As Adam Bumas astutely pointed out, “I don’t know how much sense ‘Nixonville’ makes if you don’t know about Hoovervilles.” Of course, you can understand that a “Nixonville” is just the name for the trailer park. But when placed next to the context of Hoovervilles, it changes your perception.
What’s a Hooverville? During the Great Depression, a massive collapse in the United States economy which occurred from 1929 to 1939, poor residents established shantytowns in several states and cities, including New York City. These ad hoc neighborhoods were nicknamed “Hoovervilles” – a sneering tribute to Herbert Hoover, the president who many residents blamed for their plight.

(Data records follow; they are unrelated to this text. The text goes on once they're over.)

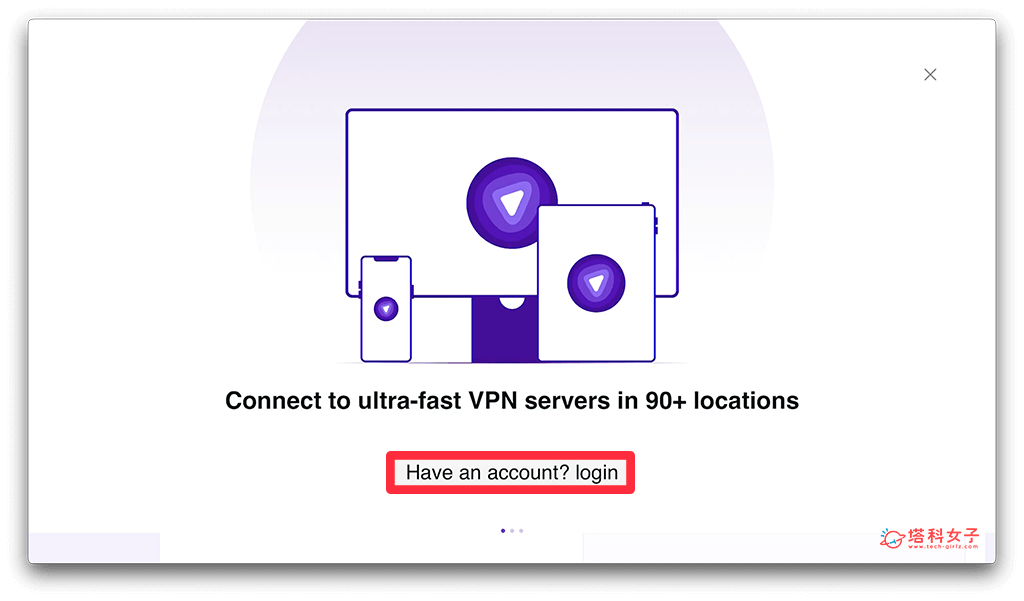 Apple TV VPN 連接：登入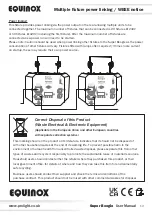 Предварительный просмотр 12 страницы Equinox Systems EQLED203 User Manual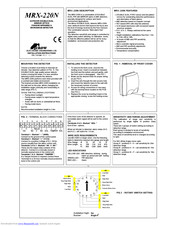 Crow MRX-220N Installation Instructions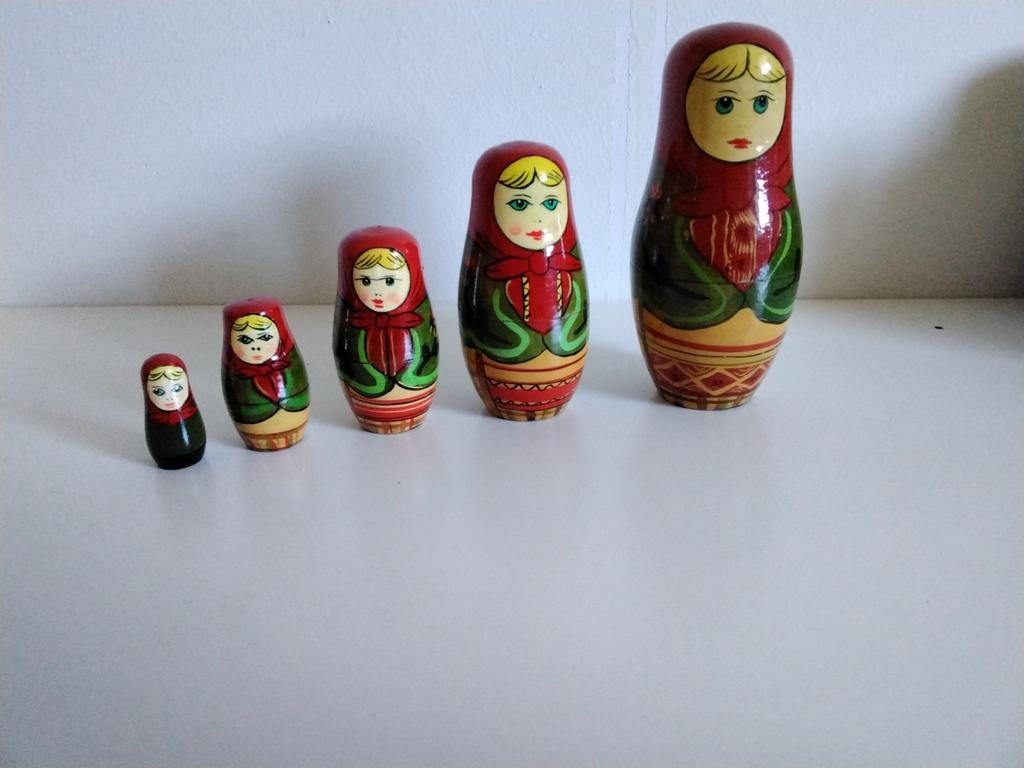 Set van 5 Russische Matroesjka poppen, Verzamelen, Ophalen of Verzenden, Gebruikt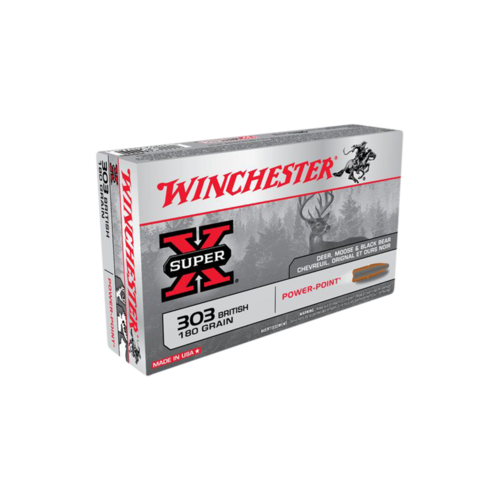 Winchester Super X 303 British 180 Gr. Power Point 20 Pack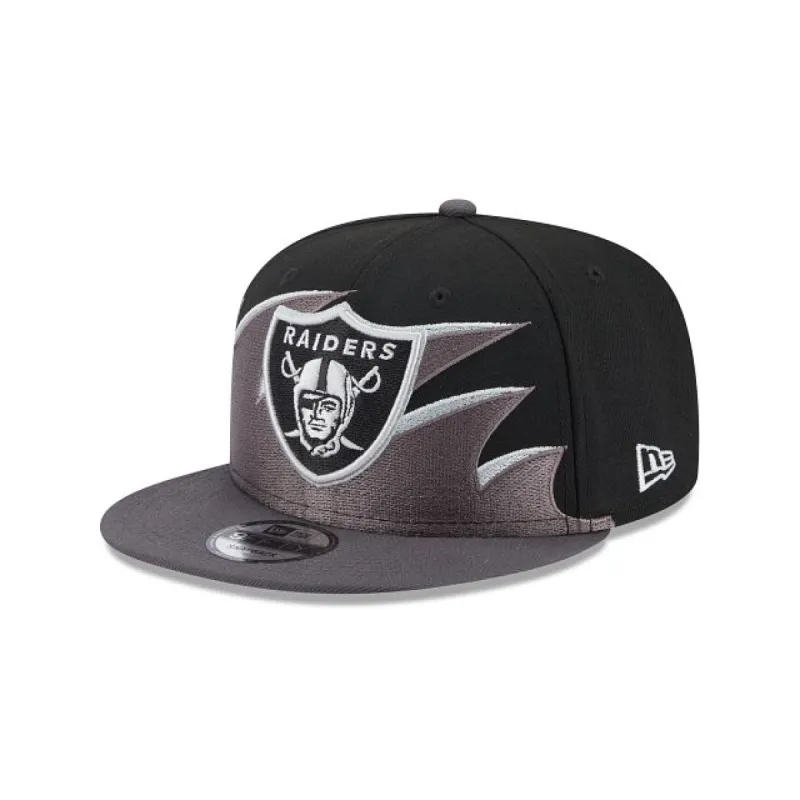 Las Vegas Raiders Tidal Wave 9FIFTY Snapback Hat sold by New Era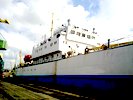 Receiving-transport ship in the Black Sea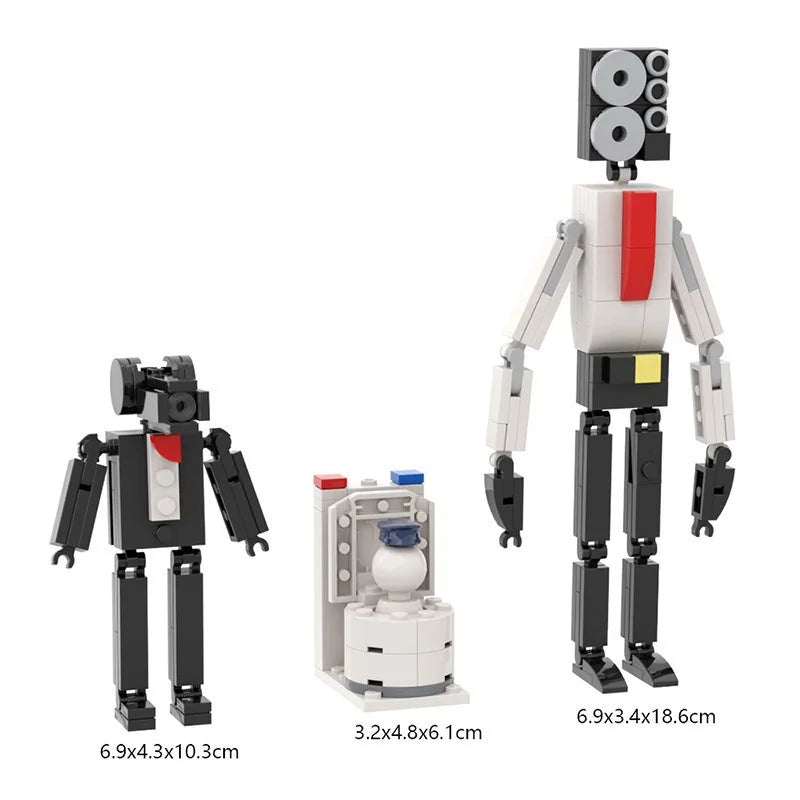 MOC Titan Speakerman Model – 172-Piece Anime-Inspired Construction Blocks Toy for LEGO Skibidi Toilet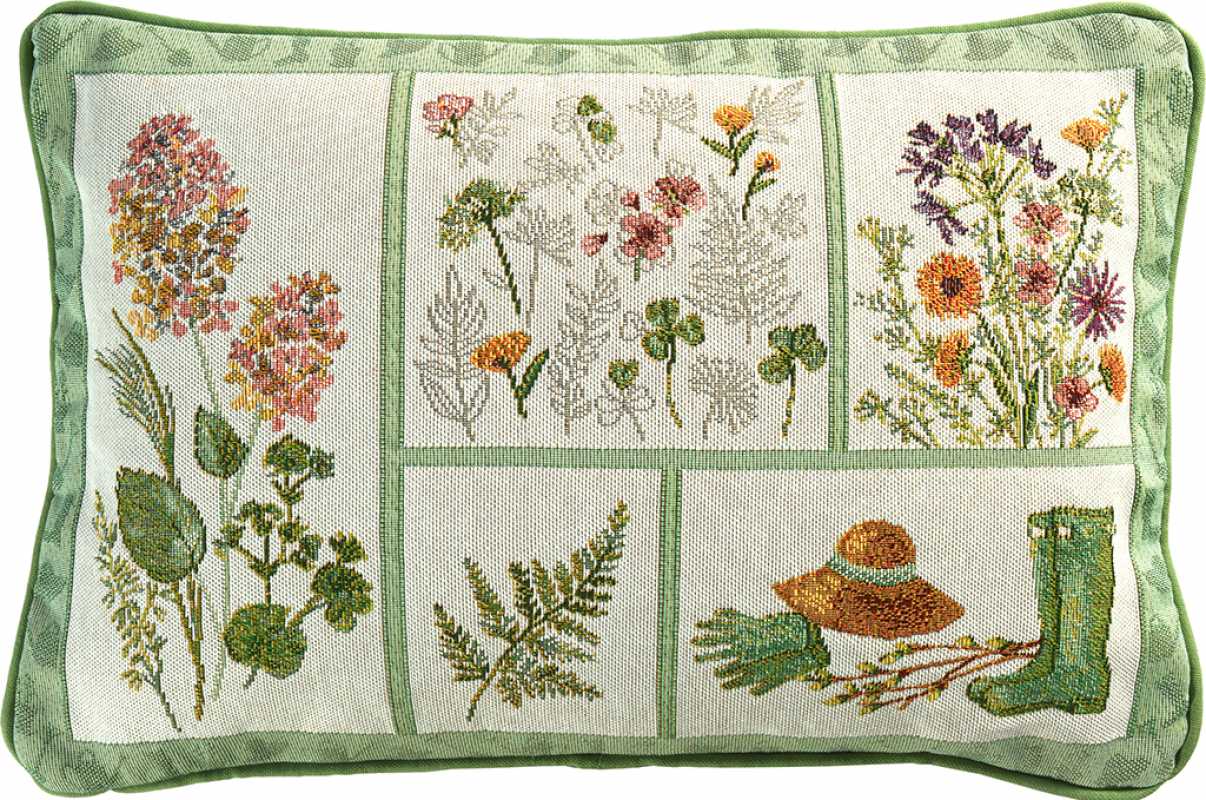 62185/40, Sander - The Gardener cushion filled 32 x 48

Another historical element of Nixonville is the big, cartoony statue of Nixon that’s at the center of the trailer park. We only get to see it from behind, but it’s clear that it’s a reference to several similar poses he struck, including in this campaign photo taken in Chicago in 1968. In the photo, his arms are outstretched and his index and middle finger are shaped into Vs. His blue suit, his smile, and the confetti behind him paint a portrait of victory as he would become president just a month later.
More on Hoovervilles:
- Mashable has a very good series of photos of Hoovervilles around the country
- The U.S. Archives has a poignant video with oral histories from the Great Depression
- “We’d Like to Thank You, Herbert Hoover,” from the musical production of Annie, depicts the poverty of a Hooverville community
That wraps up this week’s guide. Did you see any historical references? Discuss in the comments. Check back next week for more history and culture as we work our way through this exciting new show.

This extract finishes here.